The test cannot be taken in Taiwan, where only Taiwan's TOCFL exam can be taken. In turn, the TOCFL exam is not available in Mainland China.

Background 
Development of the HSK test began in 1984 at Beijing Language and Culture University, and was officially made a national standardized test in 1992. By 2005, over 120 countries had participated as regular host sites and the tests had been taken around 100 million times (domestic ethnic minority candidates included). In 2011, Beijing International Chinese College became the first HSK testing center to conduct the HSK test online.

The HSK test is analogous to the English TOEFL, and an HSK certificate is valid without any limitation in China. The test aims to be a certificate of language proficiency for higher educational and professional purposes. It is not uncommon to refer to a standard or level of proficiency by the HSK level number, or score. For example, a job description might ask for foreign applicants with "HSK5 or better."

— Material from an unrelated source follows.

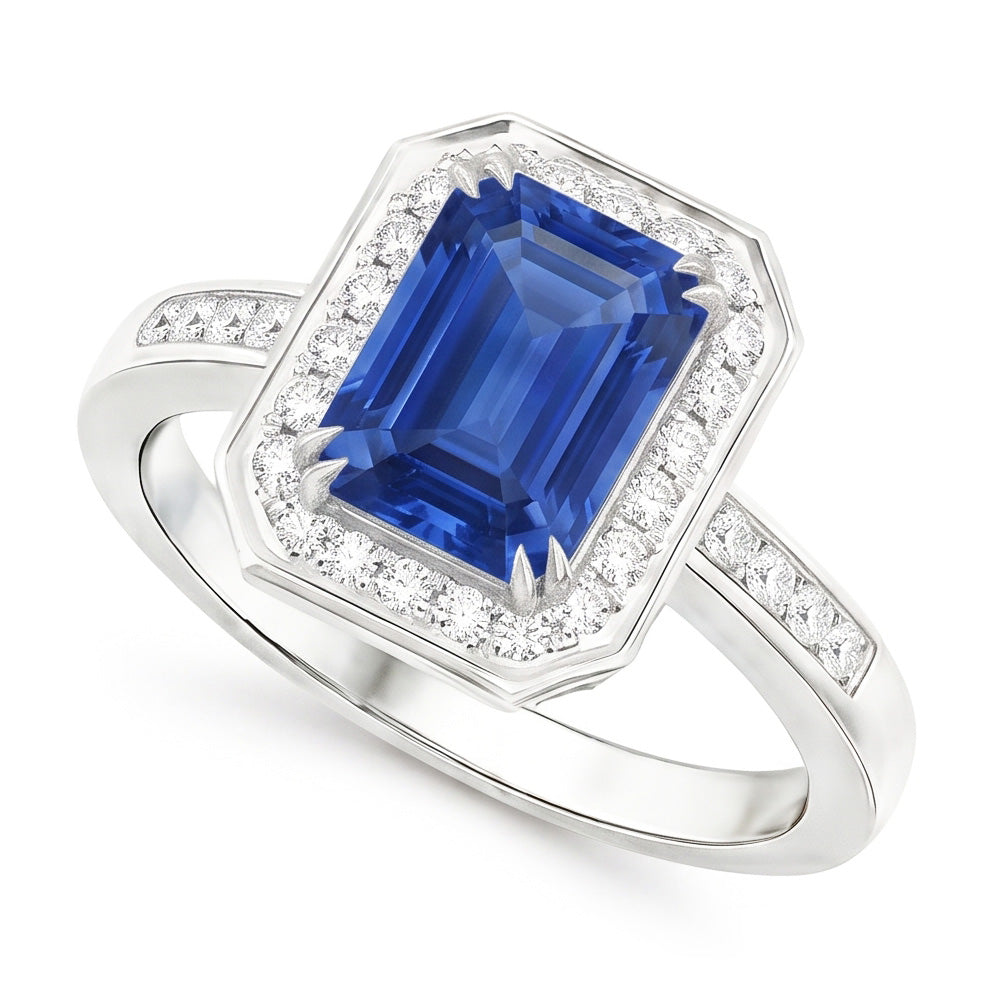 Natural Sapphire Ring 6ct - White Gold 14K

The HSK is administered solely in Mandarin and in simplified Chinese characters; however, if the exam is paper-based, the test-taker can choose to write the writing assignments in simplified or in traditional characters, at their discretion. The test can be either paper-based or Internet-based, depending on what the specific test center offers. With an Internet-based test, the writing part with characters (from HSK 3 on) is subjectively and slightly easier, as one types the pinyin and selects the right character from the list, while with a paper-based test, one must remember the characters, their strokes and their order, and write them out.

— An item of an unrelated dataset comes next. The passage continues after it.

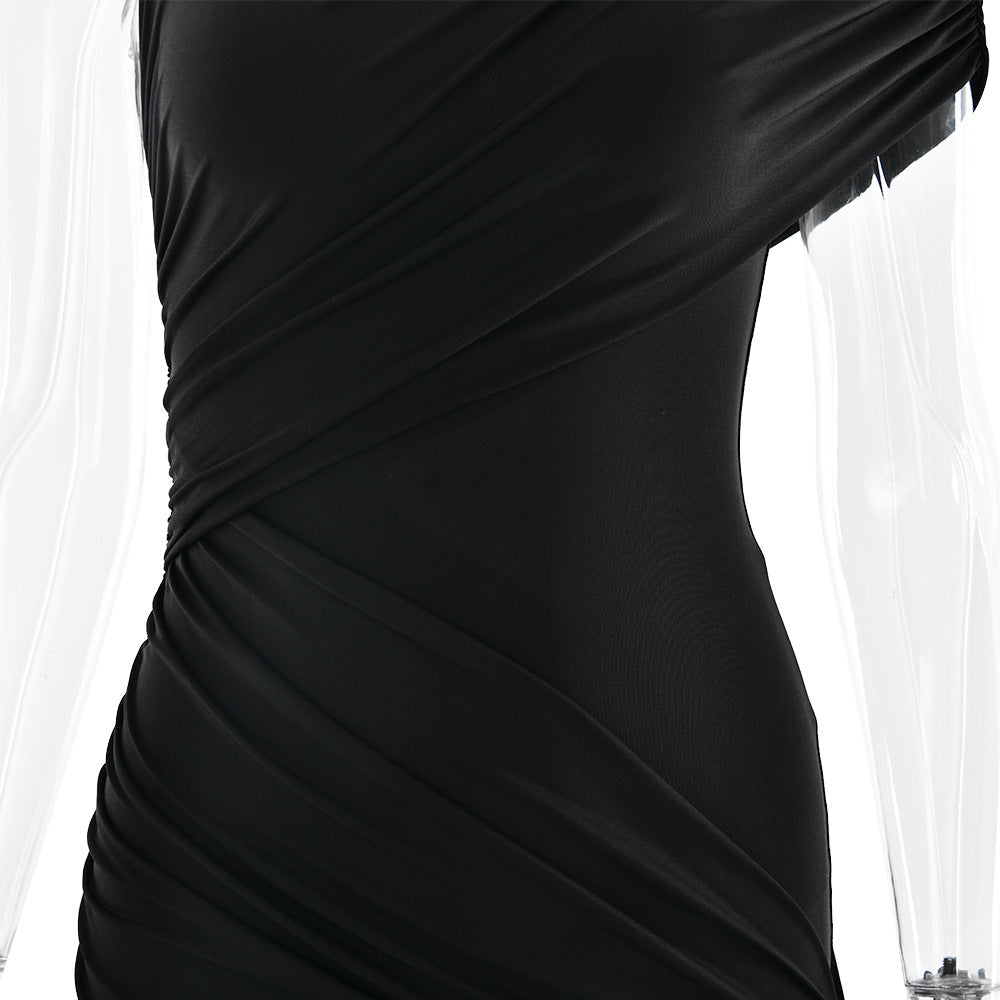Ruched Mock Neck Sleeveless Asymmetric Draped Mini Dress 9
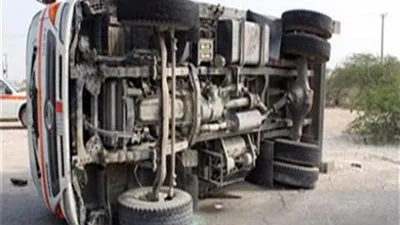 مصرع فتاة وإصابة 10 أشخاص آخرين في حادث انقلاب سيارة جنوب بورسعيد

Test takers with outstanding results can win a scholarship for short-term language study in China.

Structure

From 2021 
In 2020, an internal Chinese academic paper discussed that the Chinese Proficiency Standards would undergo a change: a hybrid paradigm of "Three Stages and Nine Levels" characterized by all-in-one integration. The Ministry of Education of the People's Republic of China announced further details regarding HSK 3.0 on April 1, 2021. Among the information shared was a wordlist for each individual stage, and a date for the introduction of the new test—July 1, 2021. As of April 2022 no HSK 3.0 tests have been rolled out and only a single preparation book for the basic levels has been published, additionally the HSK 2.0 test format is still in use. An update on the official HSK website suggests, that the April 2021 date only signified the start date for the conception of the new HSK 3.0. New practice materials for the intermediate and advanced levels are expected to be released in the third or fourth quarter of 2022. One of the main problems with the current HSK test is that it does not follow the Common European Framework of Reference for Languages (CETR). For example, HSK 6 was nowhere close to Near Native C2 in English, and so on.

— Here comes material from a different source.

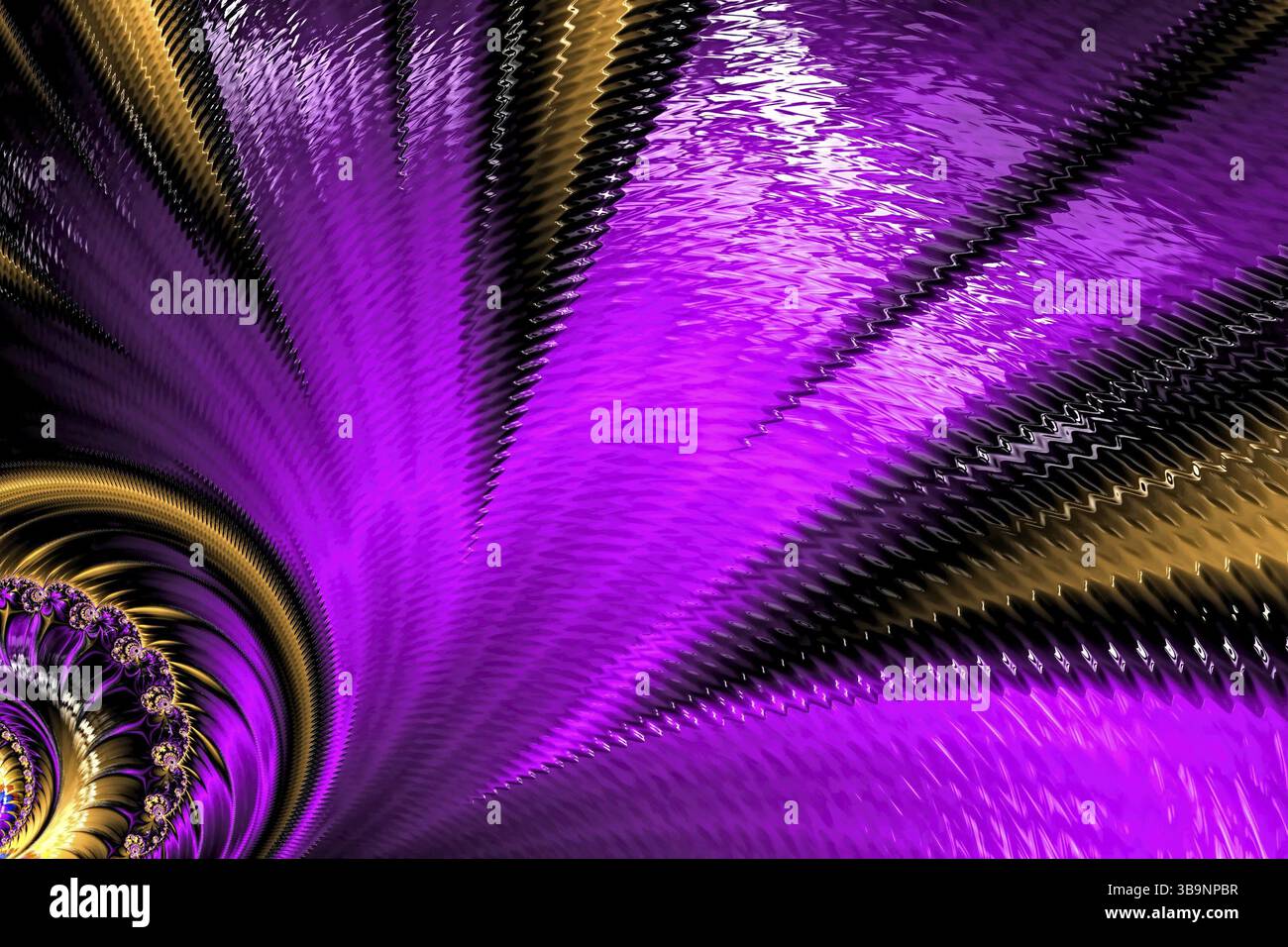 Fleur fractale inhabituelle - image abstraite générée par ordinateur. Art numérique : pétales texturés brillants. Pour cartes, couvertures, bannières Banque D'Images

The new test is meant to follow the latest research in the field of language studies and testing. The basic levels (roughly corresponding to CEFR A1/A2) should test from 500 to 2245 words, the intermediate levels (roughly corresponding to CEFR B1/B2) from 3245 to 5456 words, the advanced levels (roughly corresponding to CEFR C1/C2) from about 6000 to 11000 words.

The intermediate levels should test the ability to understand slightly modified authentic materials or authentic materials written/spoken in a clear manner and intended for educated mother tongue speakers: materials concerning everyday topics, simple articles, simple commentaries and critiques found in newspapers and magazines.

The advanced levels should test the ability to understand longer, more complicated and abstract materials: extracts from authentic sources such as textbooks for Chinese university students, Chinese magazine and essays, extracts from modern Chinese literature, interviews and extracts from Chinese media. Moreover, Classical Chinese expressions and grammatical structures used in modern formal Chinese should be included too.

Between 2010–2021 
The previous format was introduced in 2010, with a philosophy of testing "comprehensive language and communication ability". Most notable are the inclusion of written segments at all levels (not just in the Advanced levels as in the pre-2010 test), a reform of the ranking system, and the use of new question structures. Complete vocabulary lists, previous tests, and simulated tests are available as preparation materials. A minor update of the vocabulary lists was made in 2012.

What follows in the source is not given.